Dan
Dan

Reputation: 141

dbt vs Azure Data Factory -> Snowflake

I've been looking into dbt to understand what I can & can't do.

To give a bit of context I currently have Azure Data Factory loading copies of databases into Snowflake and am looking at building up history as copies of each table with timestamps and a row hash, then building a Data Vault and models off the top.

I'm currently looking at whether to use dbt or Data Factory for the History and if dbt would be best placed for creating the Vault onwards. I currently have a Data Factory Pipeline to create tables that represent the source and Land them in Snowflake. It would be fairly simple to extend this to create the history tables and run a dynamic stored procedure in Snowflake to populate history using a Merge statement or implementing streams (CDC) within Snowflake.
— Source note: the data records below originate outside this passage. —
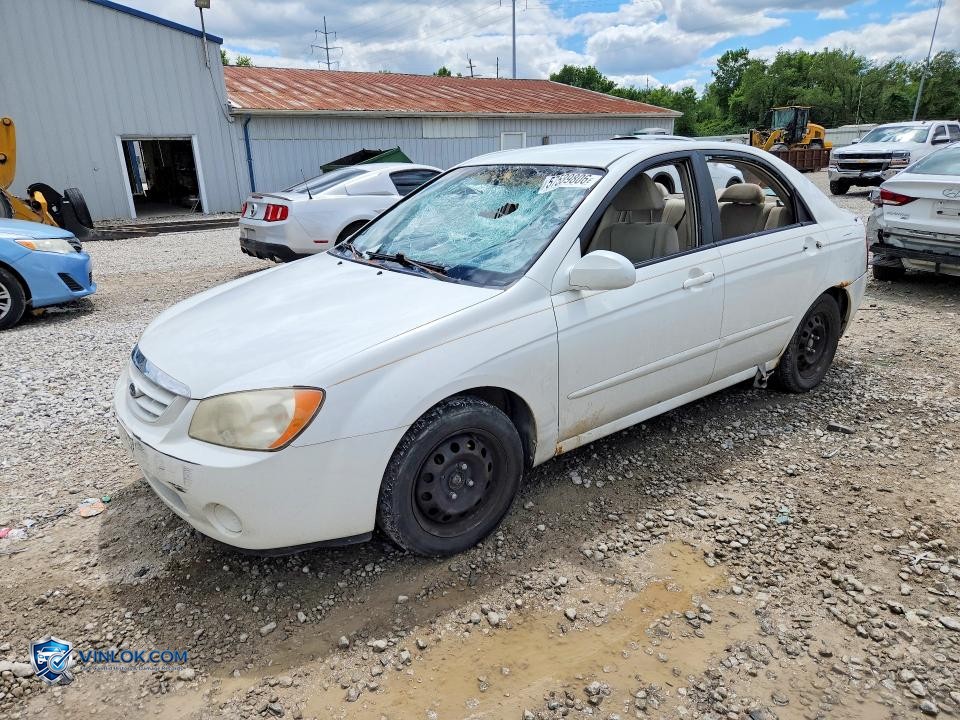 2006 KIA SPECTRA EX – Lot 57539806 auction photo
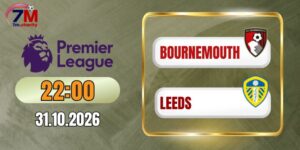 Soi kèo Bournemouth vs Leeds - NHA 22h00 ngày 31/10/2026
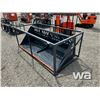 Image 1 : TMG 84 IN. SKID STEER SNOW/MULCH BUCKET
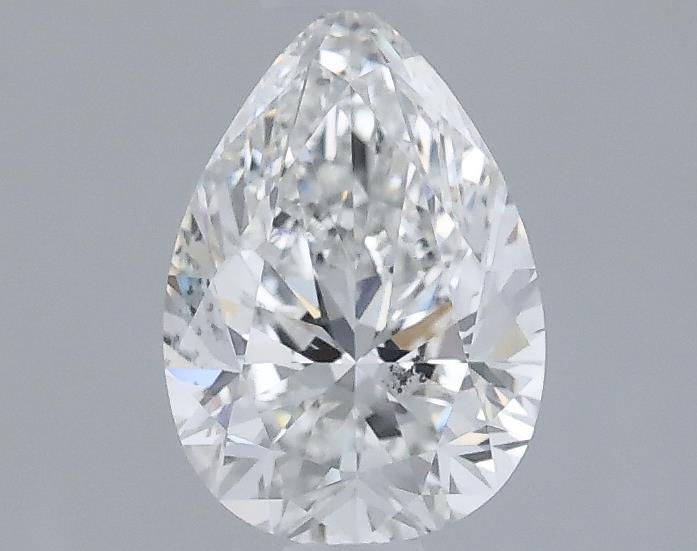 1ct Pear G SI2 Natural Diamond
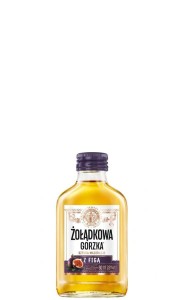 WÓDKA ŻOŁĄDKOWA GORZKA Z FIGĄ 0,09L 30%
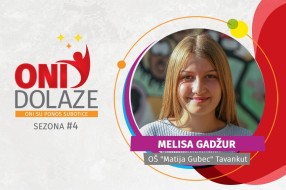 Oni dolaze: Melisa Gadžur, učenica generacije OŠ "Matija Gubec" u Tavankutu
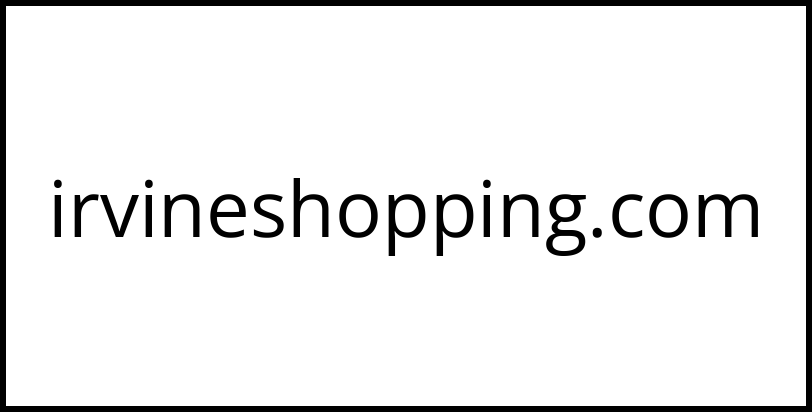 irvineshopping.com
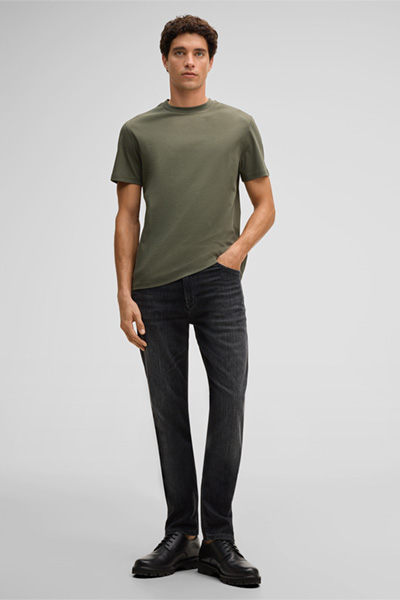 T-shirt Flex Cross Pepe, vert olive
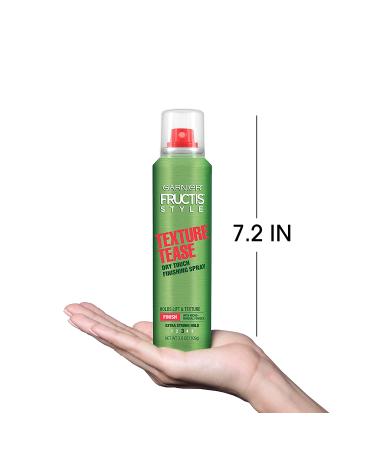 Garnier Fructis Style De-Constructed Texture Tease Dry Touch Finishing Spray 3.8 oz (2 Pack) - Texturizing Hair Spray - Buy Online on GoSupps.com
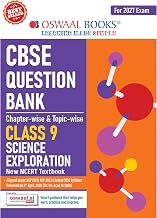 OSWAAL CBSE SCIENCE QUESTION BANK CHAPTER-WISE & TOPIC-WISE CLASS 9 | BASED ON NEW NCERT TEXTBOOK EXPLORATION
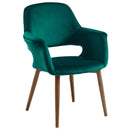 [ Mira Accent & Dining Chair in Green ] - Custom Furniture Manufacturer Brampton, Toronto, Vaughan, Mississauga, Ontario, Oakville, Hamilton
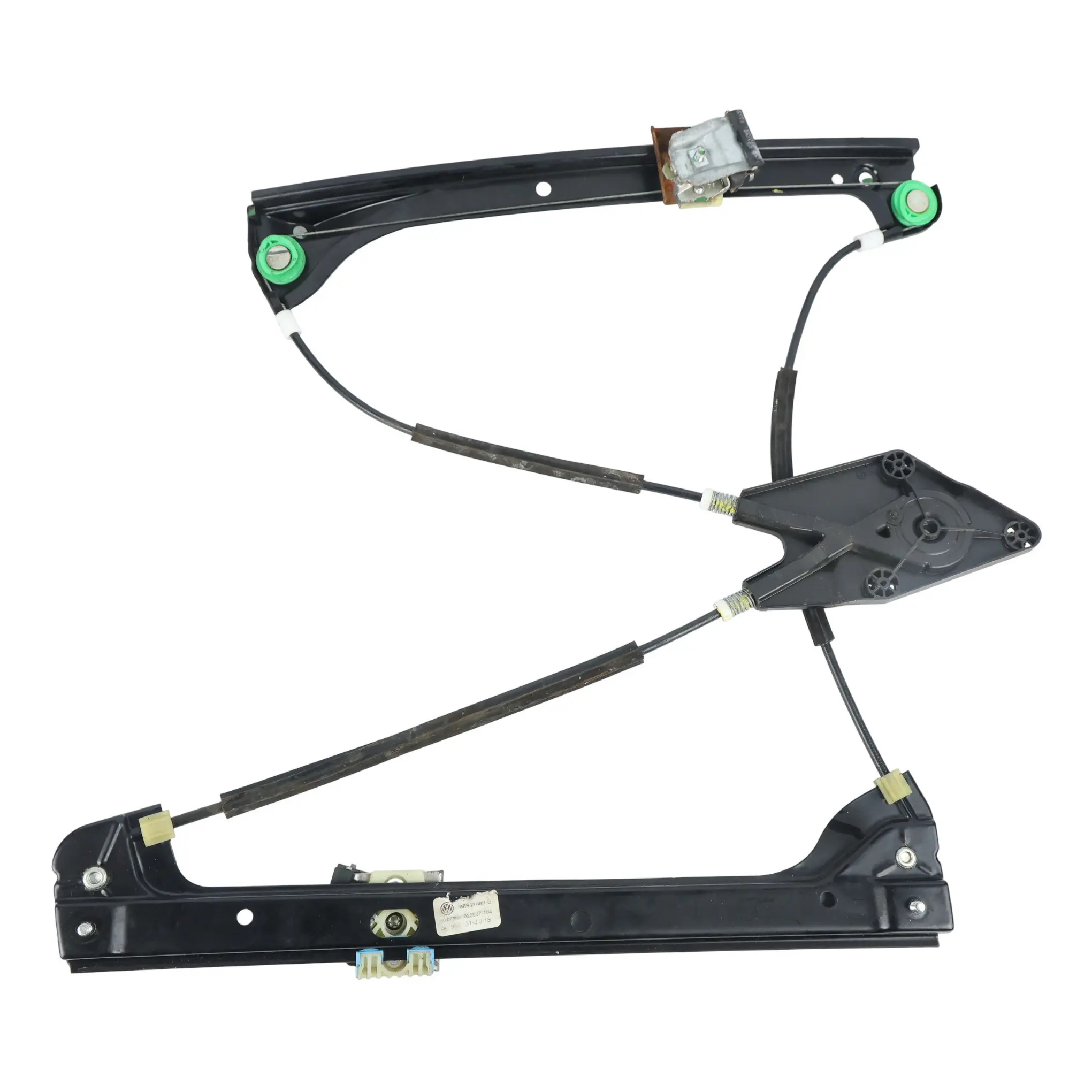 VW Polo 6R Electric Front Window Regulator Mechanism Left Side N/S 6RS837461B
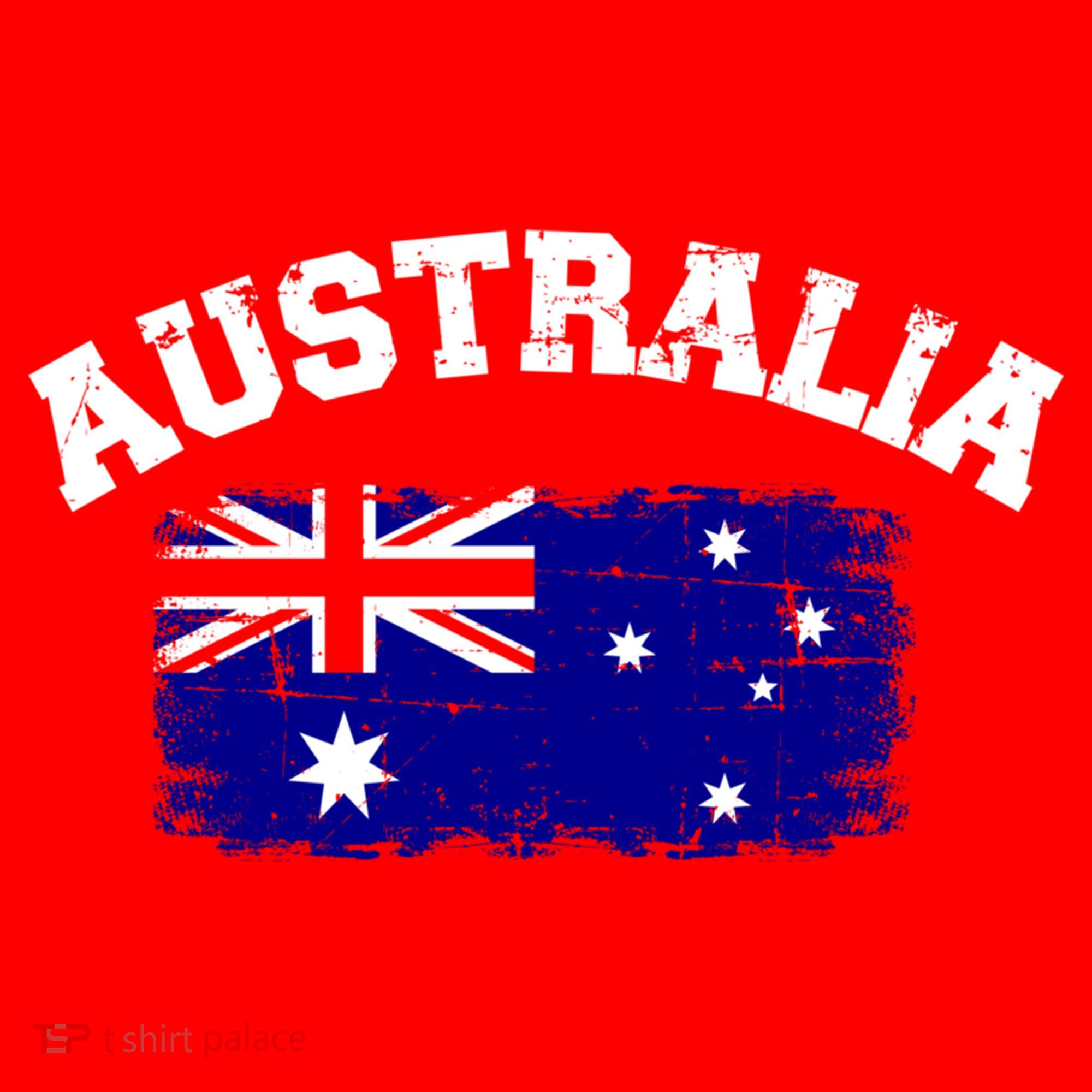 Australia Flag Gift Santa Hat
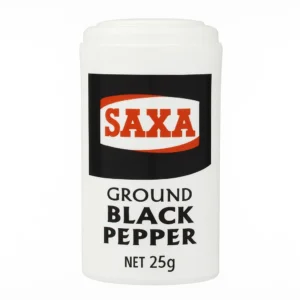 Saxa Black Pepper 25g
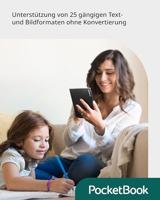 PocketBook Verse - Mist Grey DACH-Version e-book reader Grijs - thumbnail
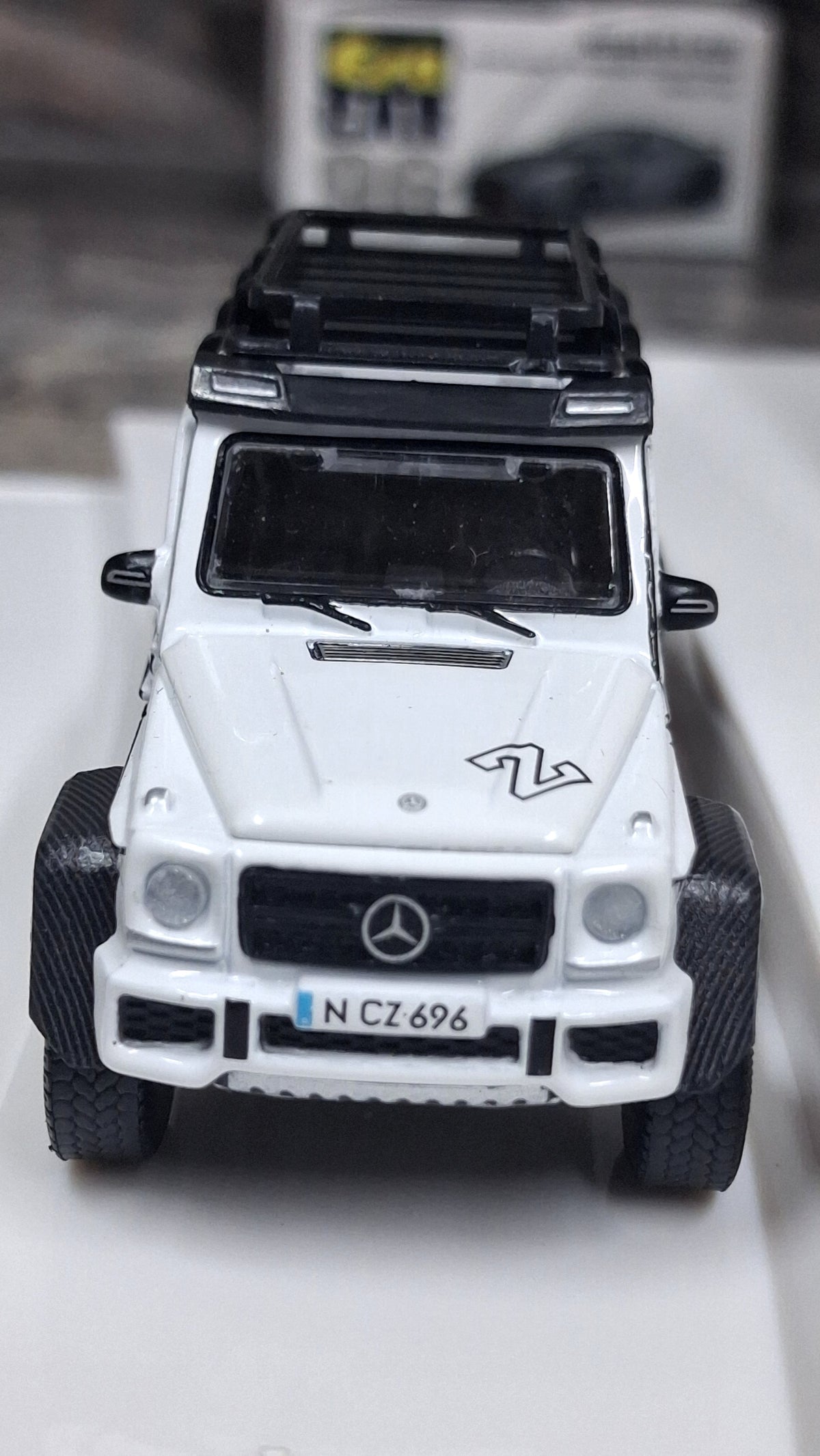Mercedes Benz - G63 AMG | 6×6 snowfield style 1:64 ERA CAR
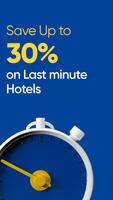 Last Minute Hotel Booking Plakat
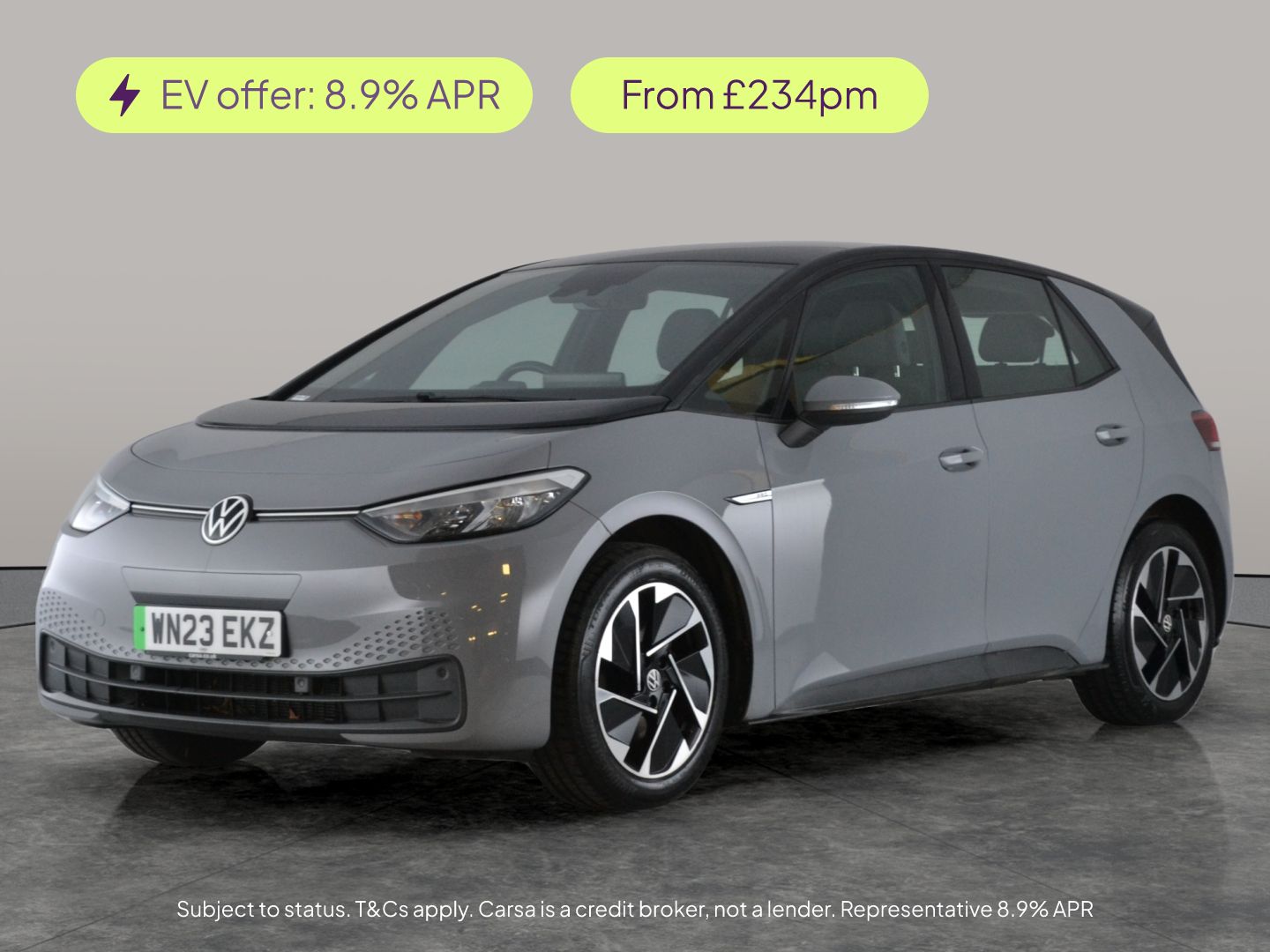 Used Volkswagen ID.3 2023 for sale - 76931945: Photo 1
My understanding is that dbt is supposed to use the SELECT statement for each model so would need a model for each table and would need to be Incremental which kind of goes against what I'm looking for as there would be a lot of repetition of code. However I like the documentation & DAG visualisation.

My questions are;

  1. Could the Information_Schema be read to dynamically define the sources in the .yml file for models? (i.e. take a list of tables / columns from the Information_Schema).

  2. dbt has "run_query" which I could use to a Merge statement or Insert/Update/Delete based off CDC, could I use this within a model referencing a Macro to do an action for each item in a Schema? Also would this show through in the auto documentation?

  3. Has anyone seen any good guides for CI/CD from Azure DevOps for dbt?

Any advice / opinions are appreciated.

Thanks, Dan

Upvotes: 1

Views: 3671

Answers (1)

sgdata
sgdata

Reputation: 2763

I have this active question which is semi-relevant to your point 1 since I think there should be a way to do this during the compile step based on manifest & catalog which doesn't requiring querying multiple schemata in a multi-db instance.

Additionally, I would recommend looking into the bootstrap function of the dbt-helper project which looks like it meets your use-case:

Create starter "schema.yml" files for your project. This function helpfully generates boilerplate dbt-model files for you so you don't have to go through the copy/paste when you're developing a new model.

I'm not really sure what you're aiming for with point 2 so I'll leave that one to the side for now. In general there's a lot of things you can do with macros that aren't strictly model building.

Finally, these two articles (one, two) seem like they have some relevant materials for you?

In general though, I would anticipate that what will become the most common orchestration path will be airflow à la this article but unfortunately Azure has yet to indicate that it will have a product comparable to AWS's MWAA or GCP's Cloud Composer.